Okay. So now I want to show you something that’s very, very important related to safety, health codes, building codes and all that. And I’m going to show you this. So this is the mistake everybody makes when they connect up their Washer, the dishwasher, they pull in the drain hose right from dishwasher and they proceeded to just go right up here plugging into the the garbage disposal and they think that’s okay. Now let me just back up here for a second. Let’s, let’s just stare at this and let’s take a look at this as a violation of health and the way the building codes. So if you look here, if you were to turn on the garbage disposal and let’s say the food and there was flying around and everything, and if it ends up in here, it can end up down here and work its way into down below, down into the dishwasher.
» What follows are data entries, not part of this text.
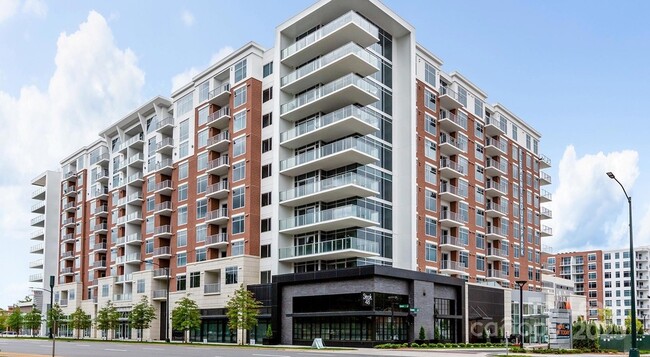 Building Photo - 4425 Sharon Rd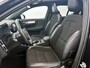 Volvo XC40 1.5 T3 Momentum Pro (PANORAMADAK, ELETK. WEGKLAPBARE TREKHAAK, 1e EIGENAAR, CAMERA, LED, SFEER, DEALER ONDERHOUDEN)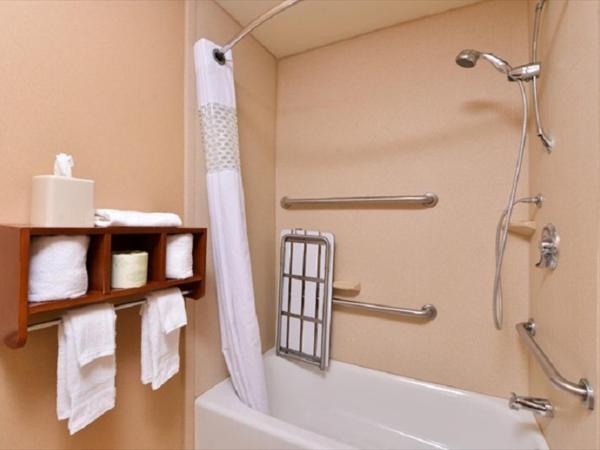 McKnight Hotel : photo 2 de la chambre chambre lit king-size avec baignoire - accessible aux personnes à mobilité réduite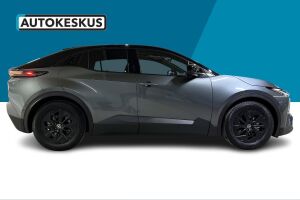 Toyota C-HR+ esikatselu 3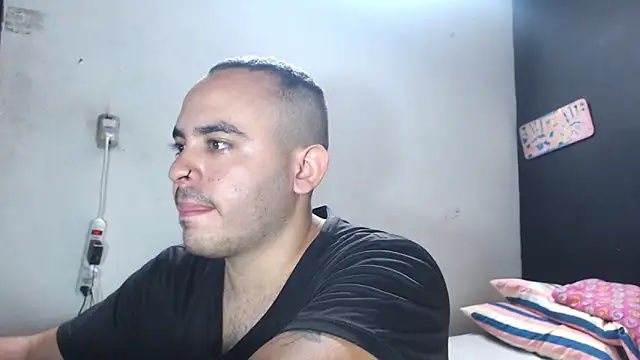 Snapshot of Ana_ThiagoxX chatting on May 21, 2026, 3:57 am Ana ThiagoxX online show from May 21, 2026, 3:57 am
And then you’ll have all of this, this water and sewage backing up inside the bottom of your dishwasher. And that can cause huge, huge problems. Furthermore, supposing you had a sewage back back up here and a sewage backup comes up in here and it gets inside your garbage disposal, goes up here, pops out here, and then it goes down and now you have a sewage backup going into your dishwasher. You think that won’t happen to you? I’ve seen it happen three times and the last couple of years where the sewage system backed up simply because you can get clogged down the line from all the idiots that keeps throwing chicken fat down into the line there and then eventually backs up here and it backs up into your sink drain right there too. So I’ve seen that happen. It happened to me in one of my units a couple of years ago. All right, so you never want to do it like this. Okay. With the building codes require is what’s called a high side loop.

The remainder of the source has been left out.